XXXX was used if no NODC could be assigned back then they just wanted 
ships registered and those ones were eg buoys, moorings

> (13) Any decision yet on what to do about the WOCE-flag files ...
It looks like Anna Lourantou created them. Her latest comment was: 
ok if I say I am the one who did this, am I to be punished???

> (14) What should be done to make sure Dorothee's (and any other)....
Whatever is easiest - I can update them.

> (15) How do the WOCE flags set in our database get back to you? ....
Heather sent me all data last time with all WOCE flags.

> (16) What should be done with the duplicated time-locations ....
I take a detailed look and will answer.

and my reply

Thanks for the responses.  I will make appropriate changes in the 
database where you have indicated what to do.

I guess we need to contact the PI regarding the 49RY/49UP cruise 
duplications to resolve the situation.

And tell Anna Lourantou that she is to be thanked for the QC work, not 
punished.  I just need to get this information into the database (for 
data points that do not already have a WOCE flag).  That was all I was 
trying to find out.

If you can deal with Dorothee's metadata files this time, that would 
be wonderful.  I need to incorporate some sort of alerting mechanism 
so file uploads such as this and Anna's are always seen and 
appropriate follow-up actions are taken.

I will assume that you will let me know when you want a listing of the 
flags (QC and WOCE) and in what format.  Maybe these files that look 
like your mat.txt files, but have some additional columns, are what 
you will want.

Also responded to Dorothee; she was able to flag cruises as needed.

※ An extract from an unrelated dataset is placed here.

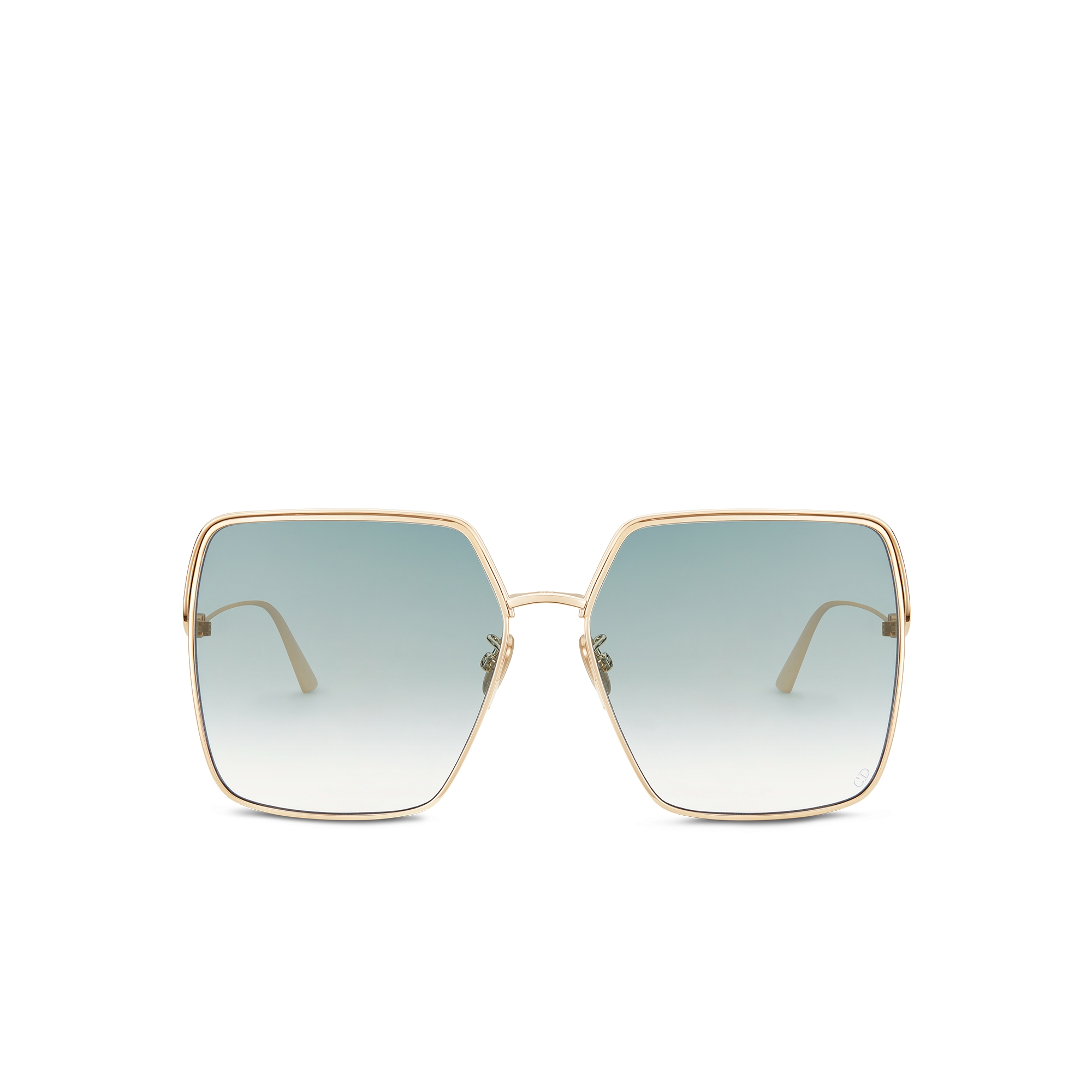 EverDior SU Light Blue Shaded Square Sunglasses E01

She did think that maybe some warning would be appropriate if flagging a cruise that was not updated or new to the latest version.

karlmsmith commented 6 years ago

Comment by @karlmsmith on 16 Nov 2012 17:55 UTC (1) Change cruise_name to PX120E for expocode 49P120080624

(2) nothing to do

(3a) 49RY -> 49UP : Dorothee has excluded all the duplicated 49RY cruises, and the 49UP cruises are being QC'd as this was also a data update, not just a rename.
So this works around the problem, although ideally: (i) the X flag should be changed to an R, and comment changed to indicate the rename (ii) an entry put into the cruise_identification_log indicating the rename, (iii) flags for duplicate 49RY cruises duplicated (with an old date) to the 49UP cruises and then be modified indicating the rename/copy, (iv) all WOCE_flags, data_bak, and cruise_regions for the duplicate 49RY cruises be deleted from the database (v) any doi table entries be updated

(3b) nothing to do

(4) nothing to do at this time. Some more duplicates/overlaps reported in newly ingested data.

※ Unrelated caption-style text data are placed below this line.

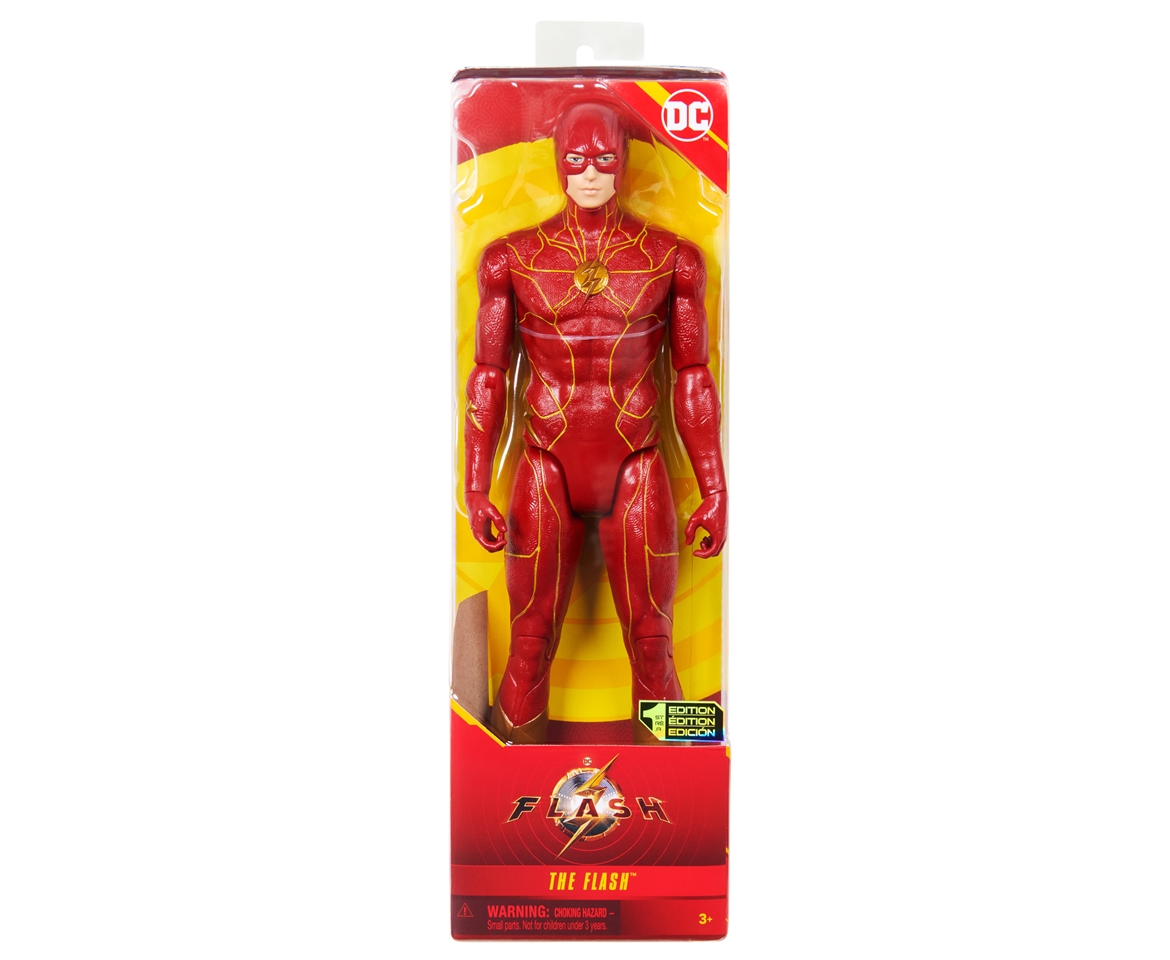 Cw flash deals action figure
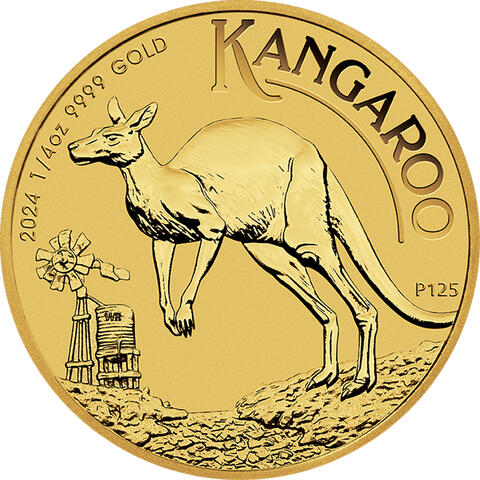Känguru 1/4 Unze 2024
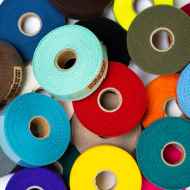 Camp And Go Slow バーテープ Bluelug Surly CAMP AND GO SLOW* western rattler bar tape (brown) - BLUE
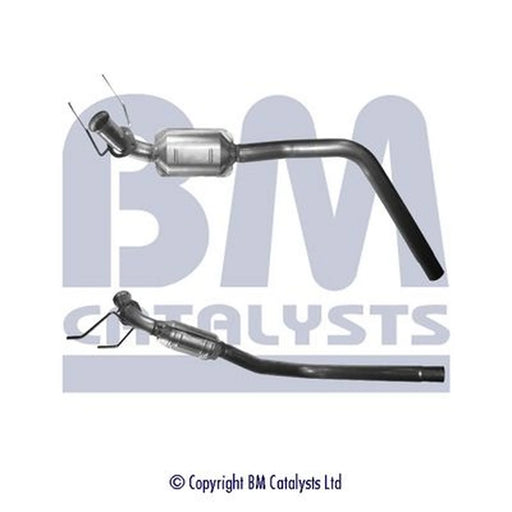 BM Catalysts Homologated Diesel Cat fits Mercedes-Benz V-Class 1999-2003 638.294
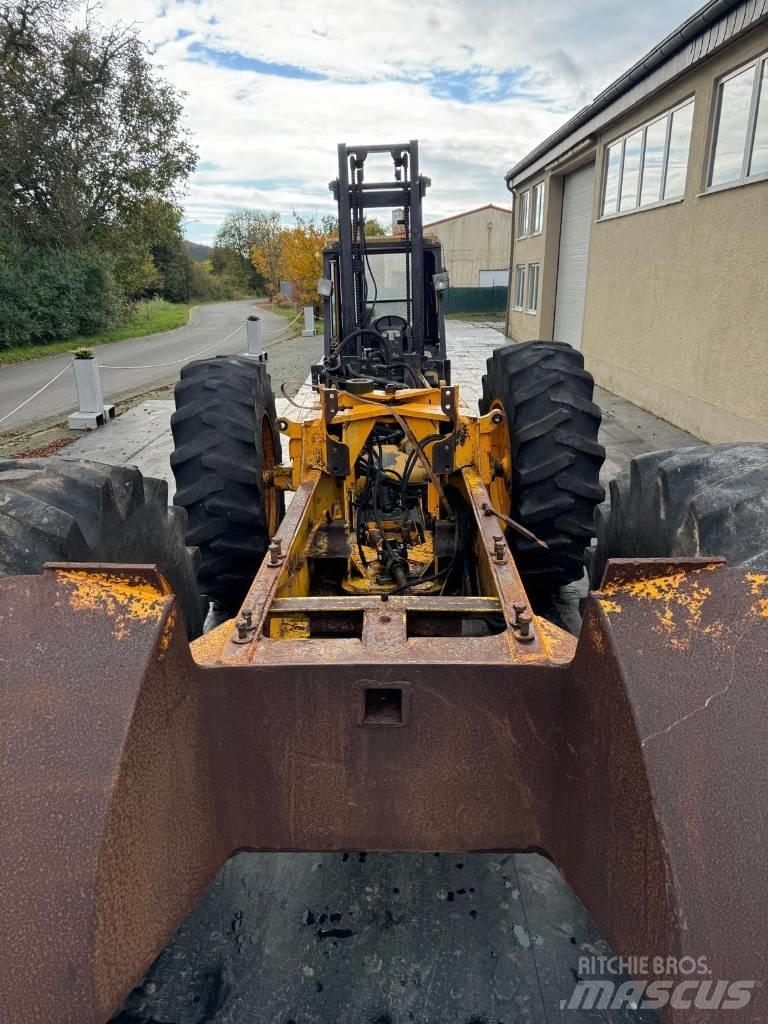 John Deere 540 B 集材機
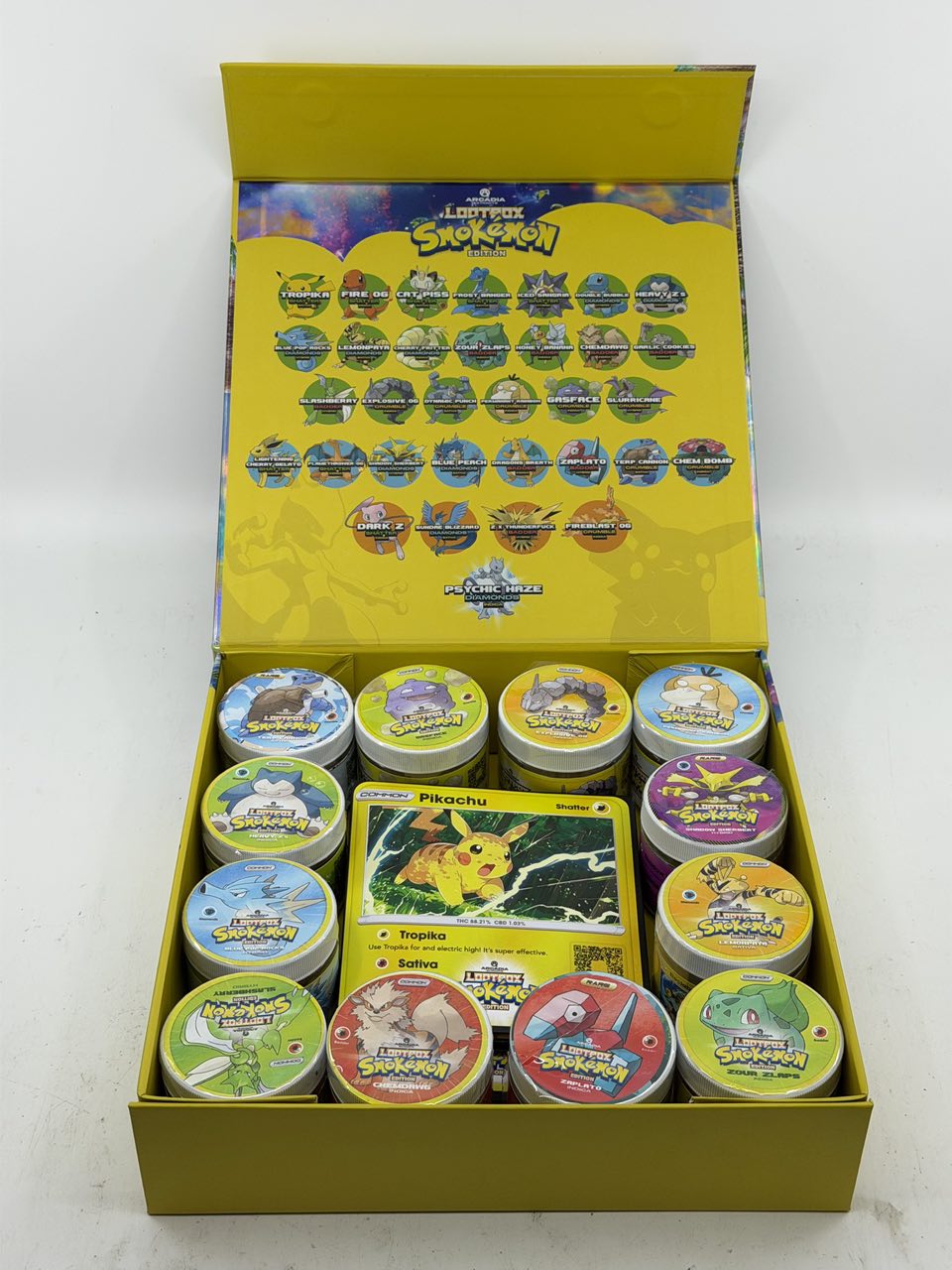 Arcadia Extracts: Smokémon Edition Loot Box 🚨🎮 SUGAR / BADDER / DIAMOND / SHATTER — Sugar available in Los Angeles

(5) nothing to do at this time. expocode/cruise ID 20060608 changed to XXXX20060608 for consistency

(6) PB07_FinalCO2_325_eq cruiseID changed to 746P20031121; PB07_FinalCO2_326_eq changed to 746P20031122. Note: PB07_FinalCO2_326_eq had cruise_ID 746P20031121 at one time; this instance changed to 746P20031121_orig in all the tables.

(7) Presumably the update was to fix these issues, but need to retest.

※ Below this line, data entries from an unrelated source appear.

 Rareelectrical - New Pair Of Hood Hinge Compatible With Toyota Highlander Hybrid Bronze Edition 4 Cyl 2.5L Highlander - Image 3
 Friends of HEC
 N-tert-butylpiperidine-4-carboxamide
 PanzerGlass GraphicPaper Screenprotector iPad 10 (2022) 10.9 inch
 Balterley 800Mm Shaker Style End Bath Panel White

(8) nothing to do at this time - still in there after the update, but 49NZ20090424 (with sec > 60) was suspended.

(9) nothing to do at this time - 77FF20020226 (with sec = 60) is flag C.

(10) seconds field in the data was changed to float

(11) 32O6 (oh-6) expocodes renamed to 3206 (zero-6), with cruise_ID changed to match expocode. The TOW5-1, -2, -3, -4, -5 cruises given expocode/cruise ID 320619971205-1, -2, -3, -4, -5.

(12) Renames: 19960803 XXXX19960803 19970619 XXXX19970619 20060608 XXXX20060608 06AQ1995112 06AQ19951112 3250TN19931005 325019931005 48AY200700510 48AY20070510 746P20030222_1 746P20030222 746P20030301_1 746P20030301 746P20030315_1 746P20030315 746P20030322_1 746P20030322 48MV19991018 35MF19991018

(13) still to do, but first need to get expocodes from v1.4. They might have already been set in there and then got lost.

(14), (15), (16) - nothing to do.

I am going to close out this ticket and create new tickets with the individual issues still needing to be resolved.